Because it was in regional Victoria, rather than the city, the court was very small so not every journalist was able to get in daily. Hence why the podcast was popular. When news broke I thought she was guilty straight away but I listened along each day and I actually thought she would get off with it. The bits of evidence like dumping the dehydrator and searching the web for death cap locations and all that seemed like it could be just circumstantial. The charges were murder x 3 and attempted murder x1. In the judges charge at the end he made the point specifically to the jury they must find her guilty beyond all reasonable doubt. IMO the defence threw enough in there to cast some doubt. When her QC summed up he told the jury that even if they thought she did it, possibly did it or could have did it then they must find her not guilty to comply with what the judge said. Had to be unanimous too. Thats the point I thought she would get off with it.

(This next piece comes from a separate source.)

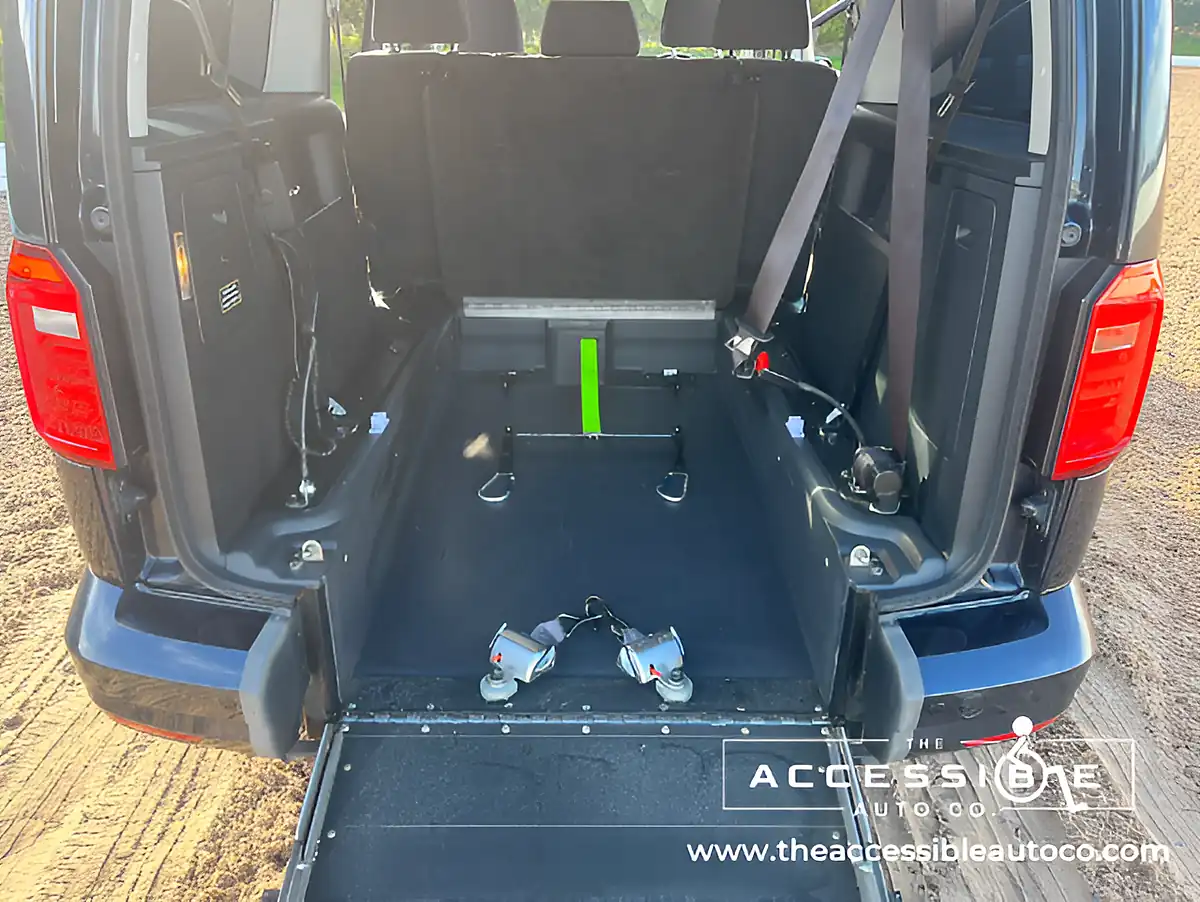Used 2020 Volkswagen Caddy Maxi Life Blue - Interior and Exterior details 10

Fair play to the prosecution for going with the murder charge and sticking it. I quite enjoyed the whole thing, never really been interested in court room stuff or had any real experience of it. Judge is away on his holidays now so sentencing wont be for a few weeks. It's an interesting and quirky story, even amusing to a certain extent. This lady is 50, likely get life I'd expect and die in prison. A man has lost his wife and both his parents, 2 kids have lost their mother and grandparents and one old fella not only lost his wife he was also in hospital for months in what I assume would be acute pain mostly. He also sat through every day in court to see her lie to a judge and jury. There are a lot of lives ruined here.